Korea Biggest Buyer of American Weapons

  • By Kim Myong-song

    May 02, 2017 10:42

    Korea has been the world's biggest buyer of American weapons even ahead of perpetual captive client Saudi Arabia, despite claims by U.S. President Donald Trump that Seoul fails to pull its weight.

    According to the Defense Acquisition Program Administration, Korea has bought W36 trillion worth of American weapons since DAPA was set up in 2006, the biggest figure in the world and almost the same as Korea's entire defense spending last year (W38 trillion).

    Korea was the No. 1 importer of American weapons from 2006 to 2015, according to the 2016 yearbook by the Defense Agency for Technology and Quality. And Seoul is going to spend more than W10 trillion in coming years to buy F-35A fighters and Global Hawk surveillance drones from the U.S. under the current procurement plans.

    Seoul also shoulders a massive amount of the cost of keeping the U.S. Forces Korea here, which provide the U.S. with a huge strategic advantage in the region. This year, Korea shoulders about W950 billion under the Status of Forces Agreement, up about nine-fold over the past 26 years (US$=W1,138). The amount is expected to reach W1 trillion next year when the next round of negotiations is in full swing.

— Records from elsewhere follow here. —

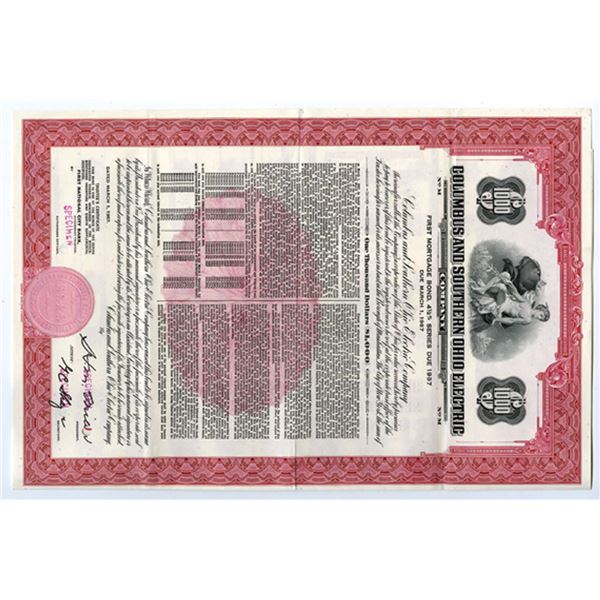 OH. Columbus & Southern Ohio Electric Co., 1957 $1,000 Spec 4 1/2% Coupon Bond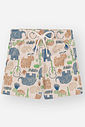 Conjunto Infantil Casual com Body de Animais da Savana e Bermuda em Moletom Linho AZ MARINHO/OFF WHITE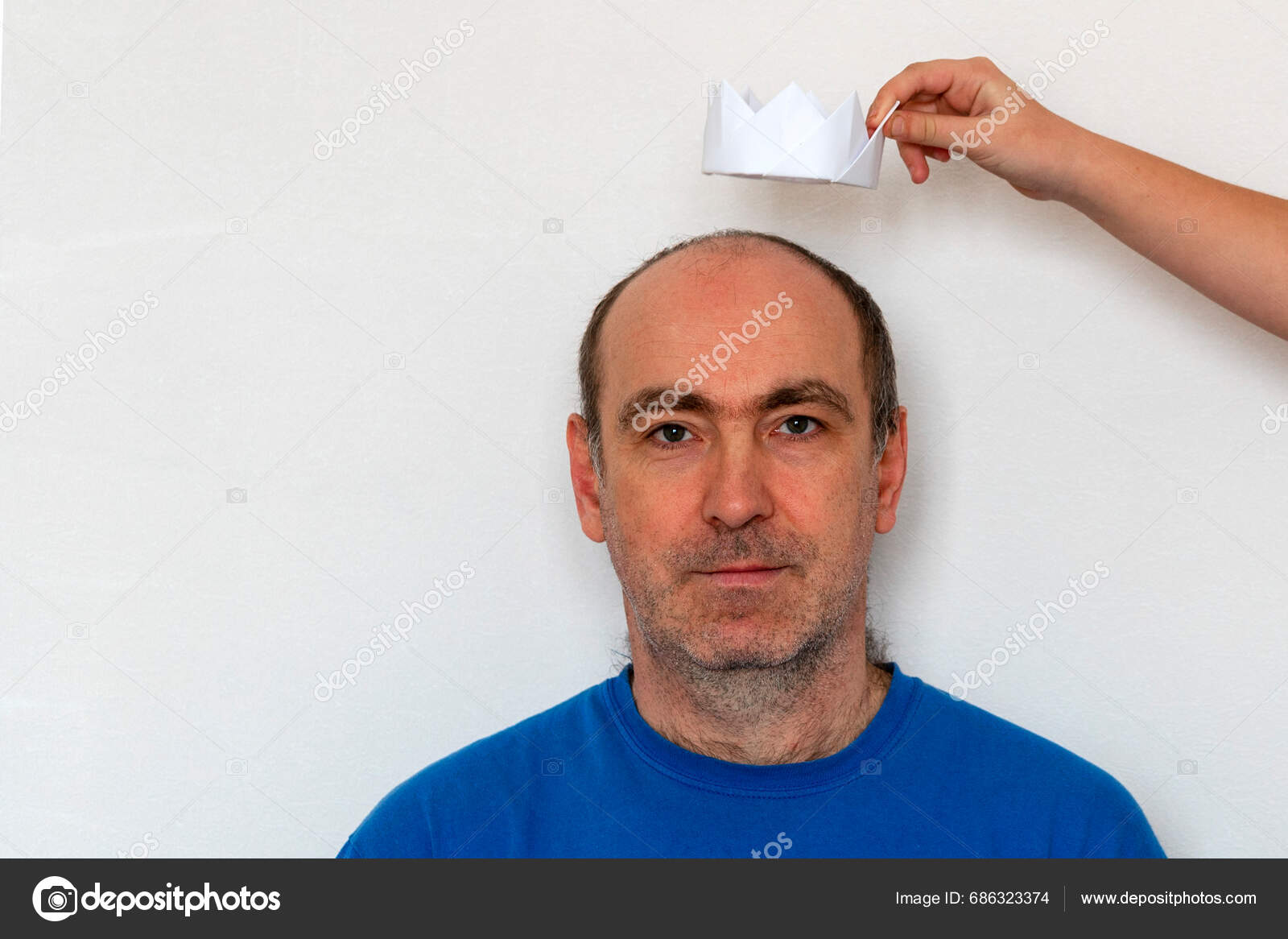 Man White Paper Crown Man Offered Crown Hands Hold Crown Stock Photo by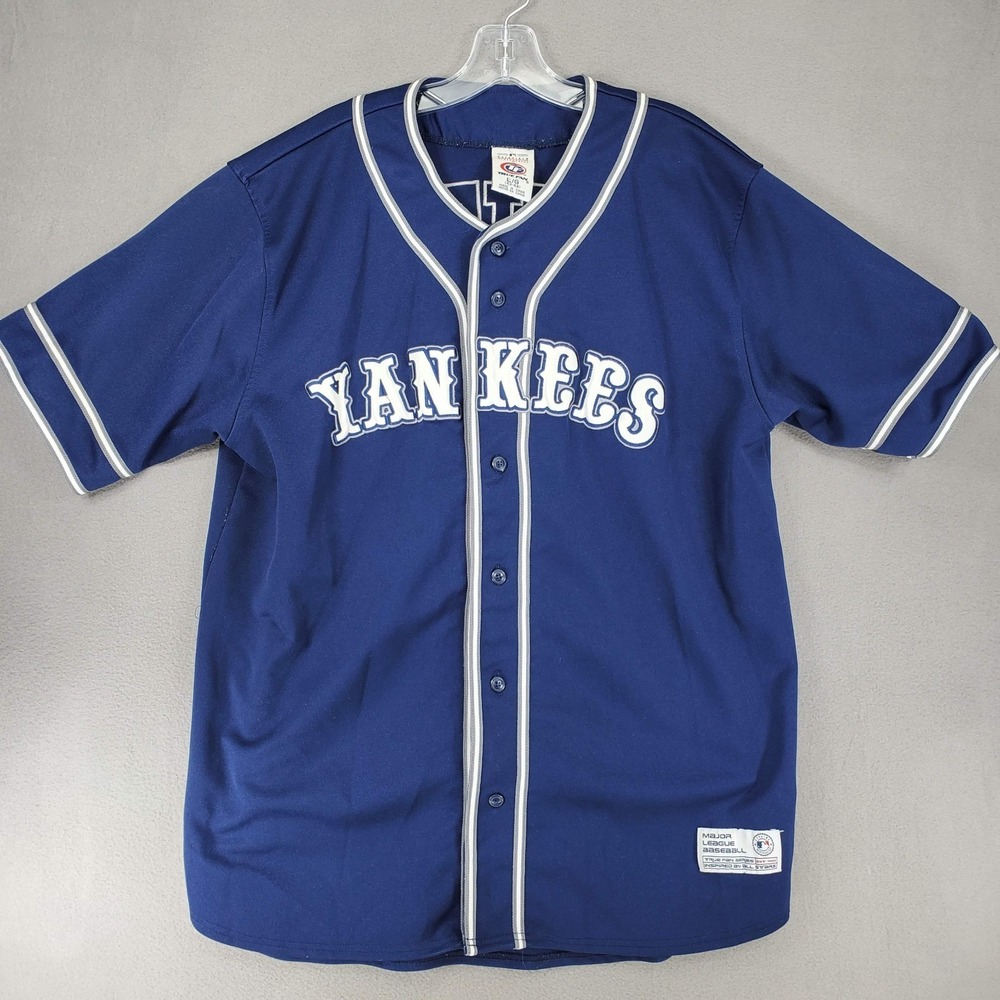 Vintage Y2K Derek Jeter #2 New York Yankees True Fan Blue‎ Men's Jersey Sz Large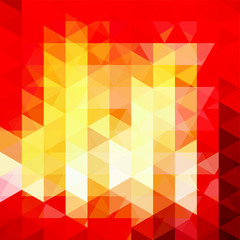 Obraz premium Background of geometric shapes. Abstract triangle geometrical background. Mosaic pattern. Vector EPS 10. Vector illustration. Red, yellow colors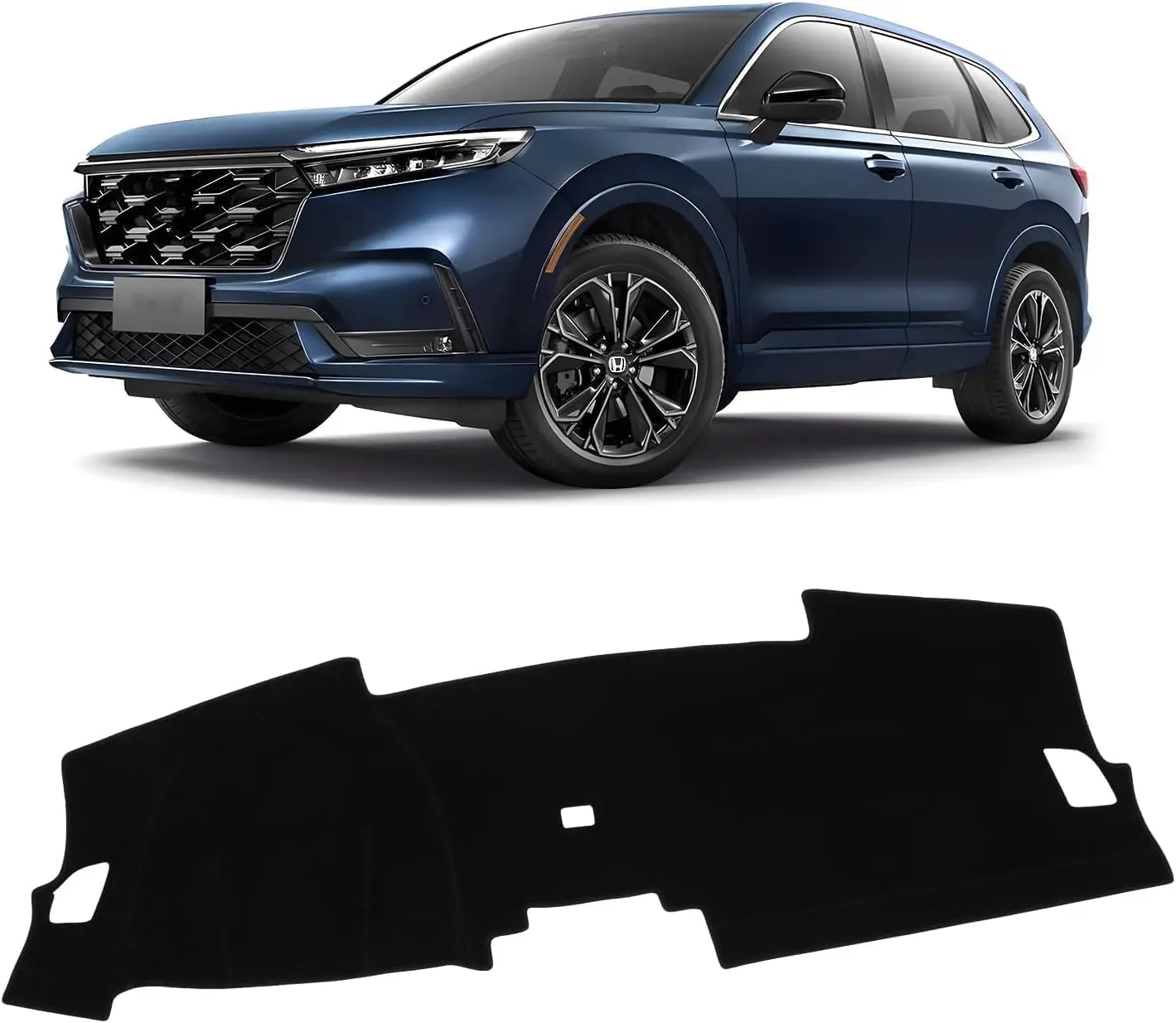 KUST Car Dash Cover for Honda CRV CR-V 2023 2024 2025 (EX, EX-L, Sport, Sport Touring) (Without HUD/with HUD) Non-Slip Polyester Center Console Dash Cover Interior for CRV Accessories Sunshade No Glare Black, Dashboard, Dashboard Cover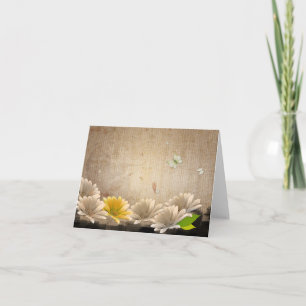  Burlap White Daisy Floral Note Kaart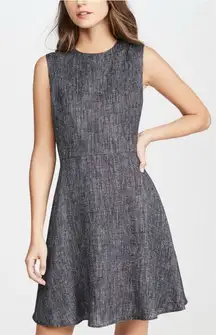 Theory Dart Mini Herringbone Sleeveless Fit & Flare Dress Size 10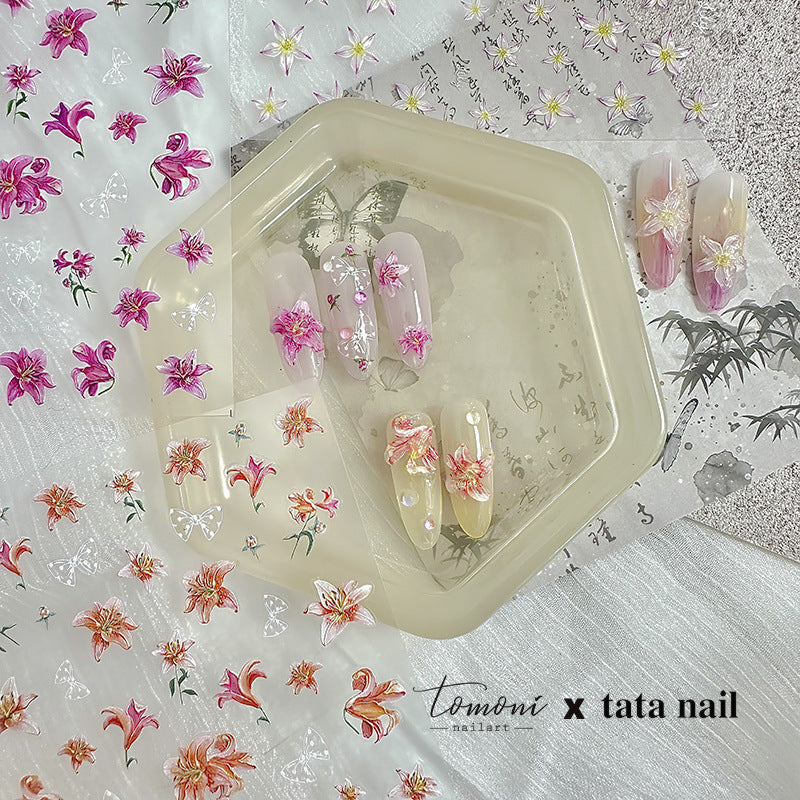 365nails: "무지갯빛 릴리 스타" – 네일 스티커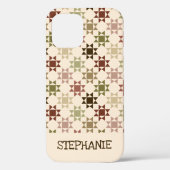 Amish Quilt Print Cream, bruin gepersonaliseerd Case-Mate iPhone Case (Achterkant)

    It is paying W8.9 trillion toward the construction cost of the new USFK headquarters in Pyeongtaek, Gyeonggi Province. The Pyeongtaek base, measuring 14.68 million sq. m., is the largest single overseas base operated by the U.S. military and is expected to cost W17.1 trillion in total.

    "It's possible that the Pyeongtaek base will be used as the U.S. military's key multi-purpose base with state-of-the-art facilities as a defensive foothold in Northeast Asia," a government source here said. "It would be strategically inefficient and cost much more if it had to build such a base on its own mainland with its own money."

    In addition, Korea spends some W10 billion a year supporting the USFK's Korean Augmentation to the United States Army, the only such kind the U.S. military operates in the world. About 2,000 KATUSA soldiers are supporting USFK troops, who are unfamiliar with Korean culture and language, to carry out their mission.

    Trump late last week ruffled Korean feathers with a characteristically unguarded demand that Seoul pay for the stationing of a Terminal High-Altitude Area Defense battery here.

    "We're going to protect them," he told Reuters. "But they should pay for that, and they understand that."

    The battery mostly serves to protect U.S. troops and equipment from North Korean missiles.